La maledizione subita da Ashitaka è uno degli aspetti irrazionali della vita
Ho potuto vedere ieri lo storyboard del film. Potrebbe, come prima cosa, parlarci del protagonista, Ashitaka?
Ashitaka non è un ragazzo ottimista e spensierato, ma un ragazzo malinconico che porta sulle spalle il peso del proprio destino. C'era, dentro di me, questo tipo di personaggio ma, finora, non ci avevo ancora fatto un film. Ashitaka subisce una maledizione per un motivo fortemente irrazionale. Certo, lui ha fatto una cosa che non doveva fare, intervenendo contro il tatarigami, ma, dal punto di vista degli esseri umani, aveva sufficienti motivi per farlo. E nonostante questo subisce una maledizione mortale. Credo che, in questo, somigli agli uomini che vivono nell'epoca contemporanea. E credo anche che in questo ci sia uno degli aspetti irrazionali di ciò che è la vita.
E per quel che riguarda Yakul, la cavalcatura con cui Ashitaka parte dal villaggio?
Yakul l'ho creato perché in un certo senso pensavo fosse più semplice disegnare un animale inesistente. Un'altra ragione è che un giovane su un cavallo, con una spada giapponese e i capelli tagliati secondo lo stile chonmage [stile di acconciatura tipico dei samurai] sarebbe stato visto come un samurai, e sarebbe quindi stato incasellato in quell'immagine del samurai che fino a oggi hanno costruito i film d'ambientazione storica. Io ho voluto evitarlo, non volevo mettere in scena un giovane samurai, ma un giovane e basta.
Certamente.
Ashitaka, passando dal suo villaggio al mondo esterno delle città, si sente spaesato. Il fatto che nasconda il viso vorrebbe dichiarare che lui, in questo momento, non è nessuno. Ed effettivamente, nell'istante in cui si era tagliato i capelli che portava annodati, a quel punto non era più un essere umano.
È questo il significato del tagliarsi dei capelli, in un villaggio. Quindi, anche se sembra che Ashitaka parta di sua volontà, in realtà io ho inteso che sia il villaggio a cacciarlo. È così che Ashitaka giunge in un mercato, ma è completamente incapace di trattare sul prezzo. Infatti, nel Tōhoku [regione del Nord‑Est del Giappone] il denaro è comparso da poco e Ashitaka, in cambio delle monete, presenta dei grani d'oro, senza nemmeno sapere quanto possano valere.
 
Eboshi vuole solamente costruire una propria utopia
Eboshi, per come è vestita, dà la forte impressione di essere stata una donna di piacere.

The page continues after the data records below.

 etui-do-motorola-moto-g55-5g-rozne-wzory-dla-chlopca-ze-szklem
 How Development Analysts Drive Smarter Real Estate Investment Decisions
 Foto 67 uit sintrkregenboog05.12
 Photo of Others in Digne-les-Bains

Anch'io la vedo così. Questo perché ho immaginato che sia arrivata dove è arrivata dopo aver provato esperienze umilianti. Quindi, dal suo punto di vista, il destino che pesa su Ashitaka per certi versi è quasi ridicolo.
Nel senso che lei ha attraversato notevoli sofferenze.

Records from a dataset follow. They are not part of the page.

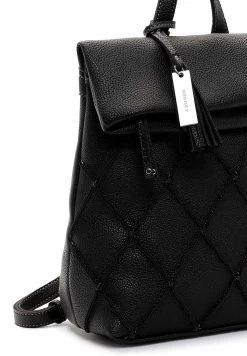 Suri Frey Lilly - Rugzak - Black -Suri Frey Verkoop cc7215db51cc4be2835c74b427c5f8a9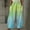 Multicolor, variant on Endives Womens Wide Leg Pant Loose Lightweight Wide Leg Trousers Scimitar Pants Casual Pants with Pockets Vacation Outfits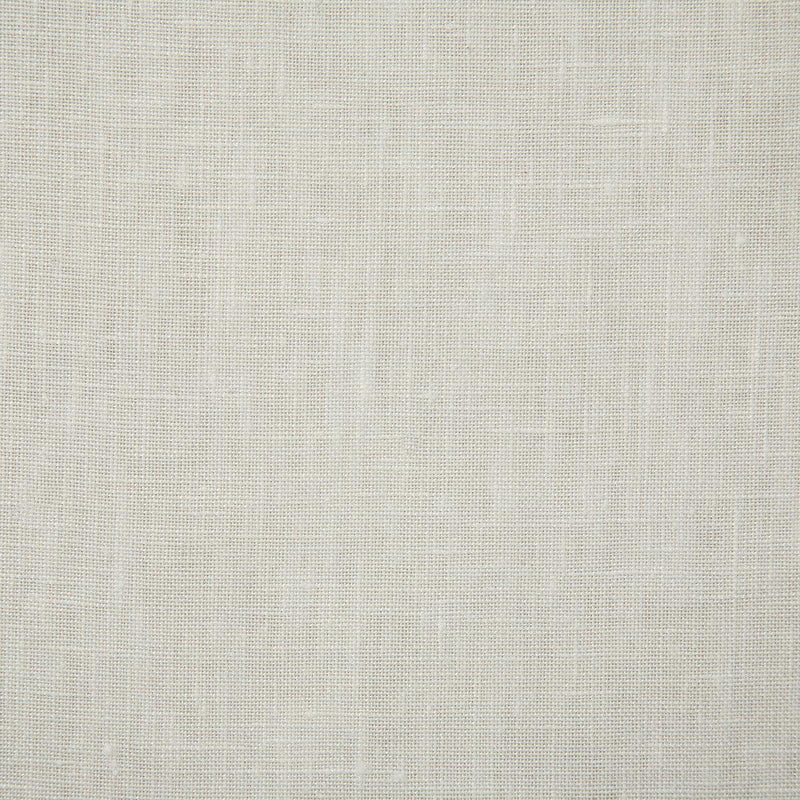 7024 BENOIT-OYSTER - Atlanta Fabrics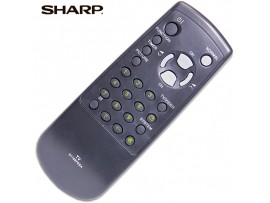 ПДУ G1169PESA Sharp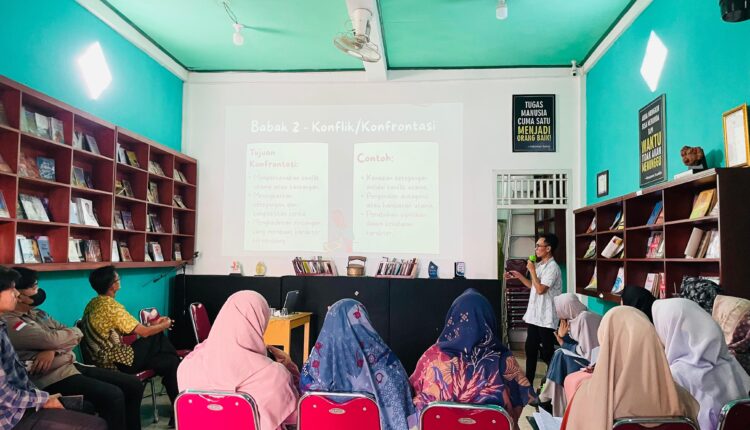 WhatsApp Image 2024-07-30 at 19.03.31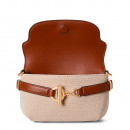 bolsa-transversal-blaike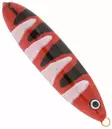 Rapala Minnow Spoon 8cm 22g - Spoons 15-30 g - 340050001 - 1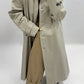 TRENCH PARKA LUMINA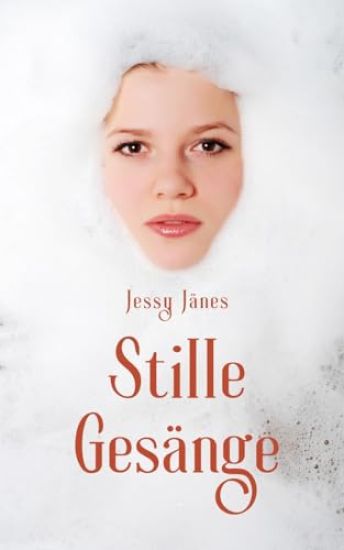 Stille Gesänge
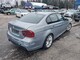 bmw-e90-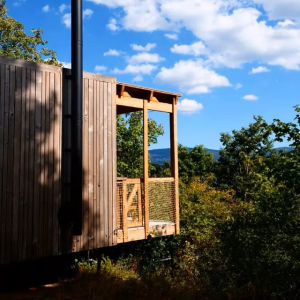 renskeontdektdewereld_summer_6_-_only_use_some_with_tag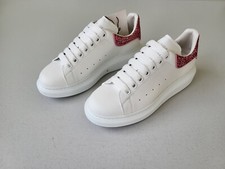 Alexander McQueenn Oversized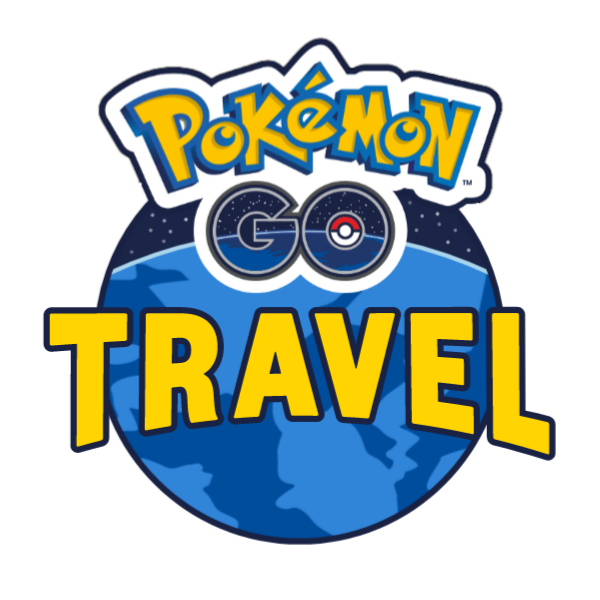Global Catch Challenge - November 2017 - Pokemon GO Guide - IGN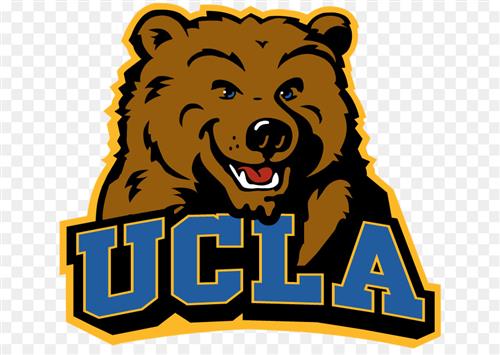 ucla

Sì. Avevo pensato, come sua storia, che fosse la moglie di qualche capo degli wakō, o qualcosa del genere (Gli wakō erano ciurme di pirati giapponesi che, nel XV e XVI secolo, infestavano i mari di Korea e Cina). Quindi, se si vuole definire in qualche modo quello che sta cercando di fare, lei vuole solamente costruire una propria utopia. Per questo Eboshi è una nostra contemporanea, una persona del XX secolo, che possiede forza d'azione e ideali chiari. Be', ovviamente così è come la vedo io! ^_^
E, quindi, se qualcosa la ostacola...
Non si tira indietro, che si tratti di uccidere, o di sacrificare qualcuno, fosse anche lei stessa a finire sacrificata. Io la vedo così. E questo, in un certo senso, corrisponde ai grandi esperimenti degli uomini del XX secolo, come ad esempio la costruzione del socialismo reale.

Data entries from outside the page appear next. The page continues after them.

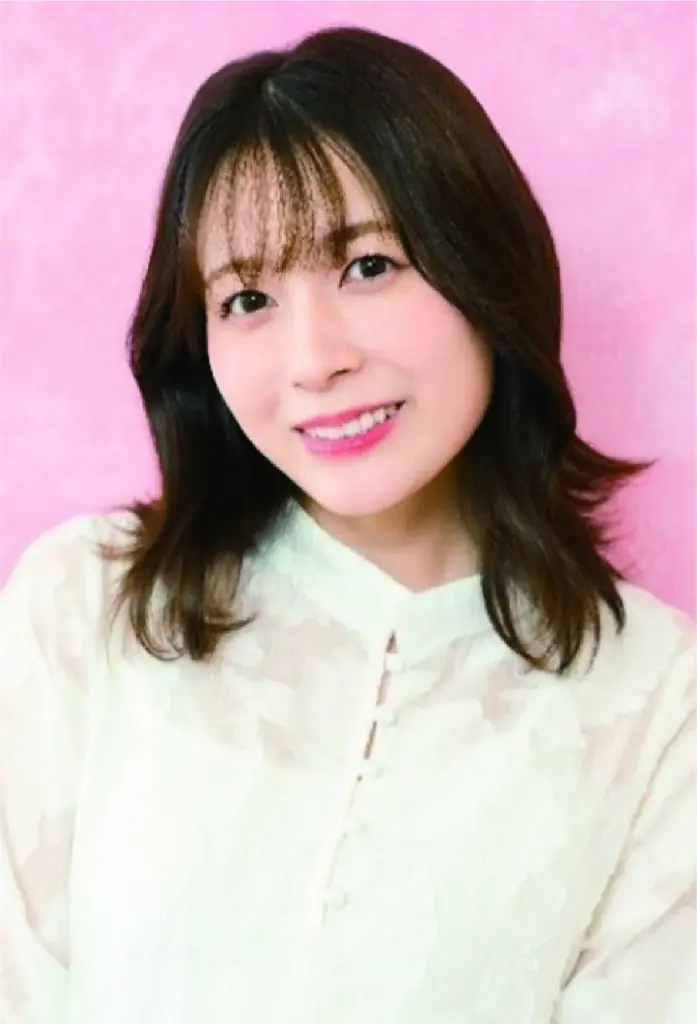 アイドルと一緒に地域を創る内閣府「地方創生 2.0」モデル事業 スタート 画像 3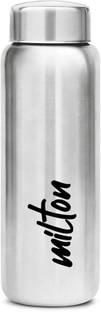 MILTON Aqua 750 750 ml Bottle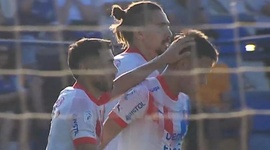 Futebol 365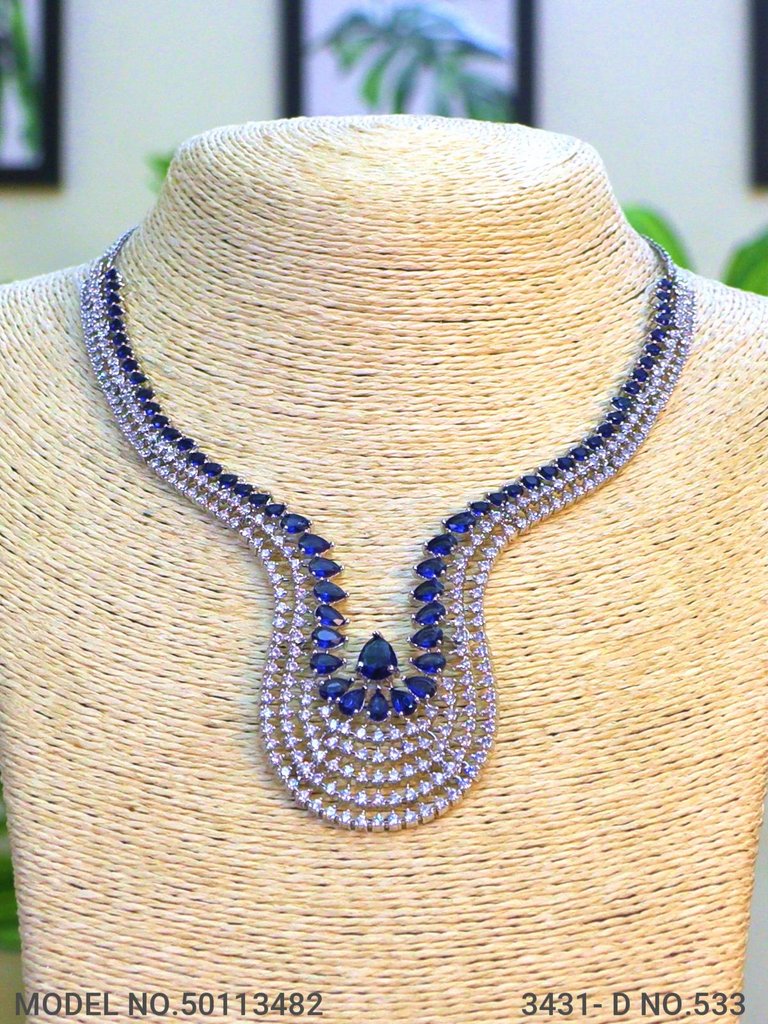 Best Set to be gifted to a Woman - View 2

Riguardo gli scontri tra i samurai e la città mineraria?
Erano cose che succedevano. Effettivamente le città minerarie scavavano valli e montagne con l'acqua per estrarne il ferro. Raccoglievano l'acqua con dei condotti e poi la scagliavano contro i costoni di terra. La terra si scioglieva in fango, la facevano scorrere nei condotti, via via sedimentandola, e ricavavandone la polvere ferrosa. Siccome in questo modo inquinavano l'acqua, e il fango scorreva giù verso valle, i villaggi e i fiumi nel corso inferiore dei fiumi finivano interrati. E questo era un gran disastro per chi coltivava le risaje.
Quindi i contadini delle valli e i minatori erano sempre ai ferri corti. Per questo non c'è nulla di malvagio nel fatto che samurai possessori di terre attacchino in armi, è una cosa naturale. Essendo questa un'epoca in cui non è ancora chiara la distinzione tra samurai e contadini, è ovvio che nascano dei contrasti, nel momento in cui l'intervento delle città minerarie aumenta.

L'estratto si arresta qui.